Доминик кивнула, в глазах блеснуло восхищение. У нее была страсть к историям об их «боевых подвигах», которой Том по мере возможности старался не потакать. Он переменил тему:
— Так что ужин на двоих. Можешь отказаться, если хочешь, — пошутил он.
— Боюсь, уже не могу.
Она положила ладонь на его руку и слегка ее сжала.
Он поднял глаза. Их взгляды встретились, и на мгновение ему показалось, что в глазах Доминик промелькнуло нечто иное, чем усмешка. Грусть и, может быть даже, волнение, вертевшийся на языке вопрос. Но она только рассмеялась заливисто и чисто, словно зазвенел дорогой хрусталь. Она убрала руку; наваждение миновало.
— Вот и прекрасно. Надеюсь, ты любишь морскую рыбу?

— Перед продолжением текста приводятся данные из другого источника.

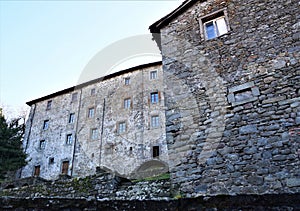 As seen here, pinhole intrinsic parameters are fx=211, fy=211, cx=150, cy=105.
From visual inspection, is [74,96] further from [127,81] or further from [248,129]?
[248,129]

Сегодня утром купил на рынке свежего окуня.
— Звучит заманчиво.
Доминик уселась за барную стойку, отделявшую кухню от гостиной, и собрала в хвост свои золотистые волосы. Как всегда, она была очень красива, глаза сияли глубокой арктической синевой, губы алели, как вишни.
Он никогда не мог понять, почему Доминик стала заниматься торговлей произведениями искусства. В отличие от Тома родители ее были чужды бизнесу; мать работала учительницей в школе, отец — зачуханный специалист по налоговому праву в одном из швейцарских кантонов. Похоже, ее способности и интерес к бизнесу были скорее случайным даром, причудой природы, нежели следствием воспитания.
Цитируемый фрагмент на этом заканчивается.